O estudante de administração e músico Jáder Cabral, 17 anos, faz parte desse grupo. Ele canta, toca guitarra e violão em uma nova banda chamada Projeto Sal e diz que passou a conhecer o som de Chico somente há dois anos, quando pegou emprestado os CDs de seu pai. A partir daí, a admiração pelo cantor foi surgindo. “Ele foi um cara que inovou bastante e conseguiu criar um novo ritmo. Chico, Alceu Valença e Luiz Gonzaga são os três maiores de Pernambuco”, defende Jáder.
Mesmo sem vivenciar o período no qual Chico Science encantava plateias, a jornalista e produtora cultural Thaís Vidal, 21, encontrou inspiração e estímulo para realizar projetos e eventos nas atitudes e realizações de Science, em particular, e na movimentação manguebeat, como um todo.

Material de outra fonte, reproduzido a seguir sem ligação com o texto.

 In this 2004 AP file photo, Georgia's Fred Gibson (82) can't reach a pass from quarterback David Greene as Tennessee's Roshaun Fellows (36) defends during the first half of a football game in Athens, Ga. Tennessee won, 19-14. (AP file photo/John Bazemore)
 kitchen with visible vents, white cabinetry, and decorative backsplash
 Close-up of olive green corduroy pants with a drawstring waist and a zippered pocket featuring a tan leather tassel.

Essa relação começou nos tempos de colégio, no ensino médio, onde Thaís passou a pesquisar sobre a música de Pernambuco.
“Fiz uma monografia no colégio que falava sobre como a manguebeat e Chico Science mudaram o cenário da música no Recife. Me impressionou a forma como eles se organizaram e sacudiram a cultural local. Eles inovaram e surpreenderam. E a Nação Zumbi continua a surpreender”, elogia Thaís. Na visão dela, a eclosão do mangue injetou maior senso de responsabilidade e uma busca por excelência tanto de músicos quanto de quem trabalha para e com eles. “A coisa ficou mais profissional”, opina.

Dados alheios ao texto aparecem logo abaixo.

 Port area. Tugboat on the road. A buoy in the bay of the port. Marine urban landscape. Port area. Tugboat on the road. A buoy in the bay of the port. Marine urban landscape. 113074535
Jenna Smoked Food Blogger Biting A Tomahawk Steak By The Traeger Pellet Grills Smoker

Para o baterista e estudante de letras Leandro Barbosa, 20, o que o chamou mais atenção no som e Chico Science e Nação Zumbi foi – por motivos óbvios – a percussão e a mistura de ritmos. “Sempre ouvia falar deles por meio do meu pai e do meu tio. Daí, comecei a ouvi-los por mim mesmo e a internet ajudou bastante. É bem interessante o modo como eles misturam maracatu e outros sons locais com elementos do rock, funk, pop, acabando por criar algo novo”, ressalta.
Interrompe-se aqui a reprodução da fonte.